◆ **What the exercise asks**:
Exactly and only the lines below from the one containing "[PC] 129 skins" down to the one containing "提升足球游戏体验：全面解析FM联赛模式启用方法" are wanted, both included; please exclude every picture.
** Material shown follows **
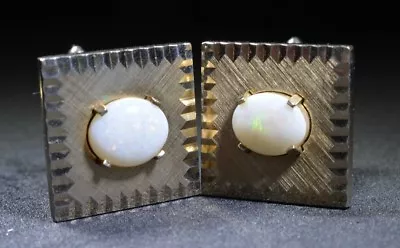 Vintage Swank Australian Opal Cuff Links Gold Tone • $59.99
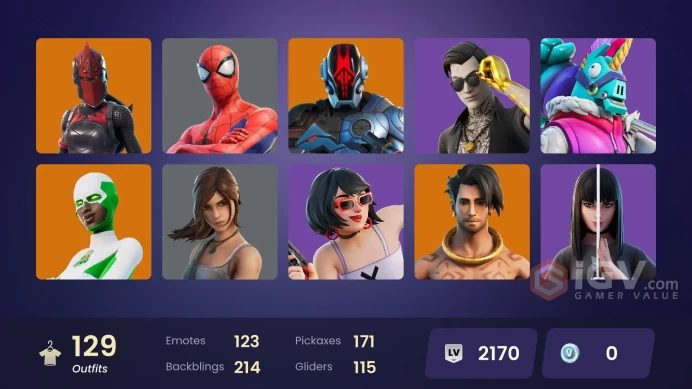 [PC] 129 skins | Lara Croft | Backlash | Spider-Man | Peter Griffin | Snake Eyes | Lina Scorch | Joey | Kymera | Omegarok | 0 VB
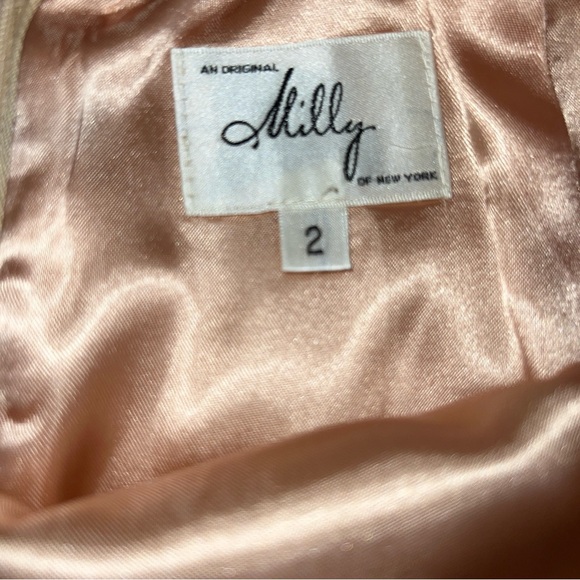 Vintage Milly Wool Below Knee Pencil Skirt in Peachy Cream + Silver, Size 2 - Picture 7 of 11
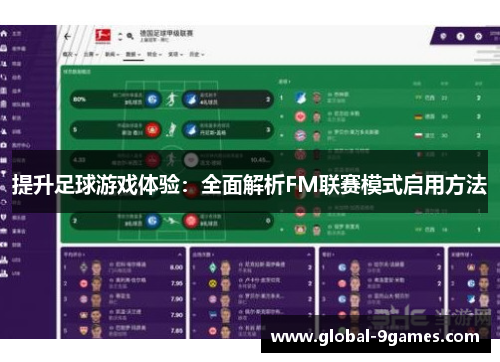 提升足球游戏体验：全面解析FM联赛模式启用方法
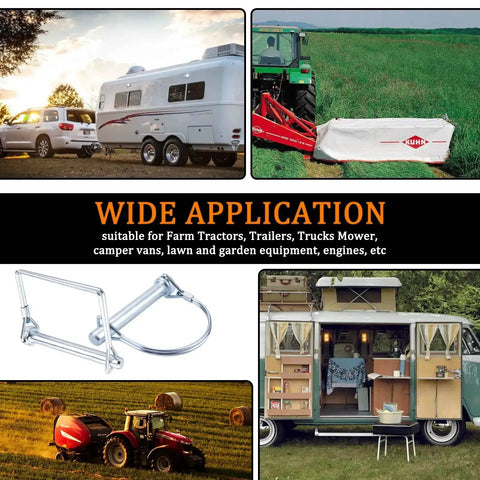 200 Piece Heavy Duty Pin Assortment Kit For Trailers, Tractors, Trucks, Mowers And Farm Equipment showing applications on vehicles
** End of Material shown **
◆ **Answer for this exercise**:
 [PC] 129 skins | Lara Croft | Backlash | Spider-Man | Peter Griffin | Snake Eyes | Lina Scorch | Joey | Kymera | Omegarok | 0 VB
 Vintage Milly Wool Below Knee Pencil Skirt in Peachy Cream + Silver, Size 2 - Picture 7 of 11
 提升足球游戏体验：全面解析FM联赛模式启用方法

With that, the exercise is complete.